* [Working data]
Start of Block

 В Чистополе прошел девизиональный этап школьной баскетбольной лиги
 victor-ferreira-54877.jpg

End of Block
Start of Block

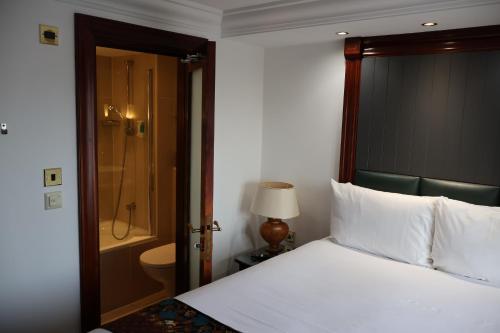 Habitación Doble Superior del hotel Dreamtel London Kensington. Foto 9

End of Block

* [What needs to be done]
Begin with the line above that has "В Чистополе прошел" and continue through the line that has "victor-ferreira-54877.jpg", setting each one down exactly. Stop there.

* [Written reply]
 В Чистополе прошел девизиональный этап школьной баскетбольной лиги
 victor-ferreira-54877.jpg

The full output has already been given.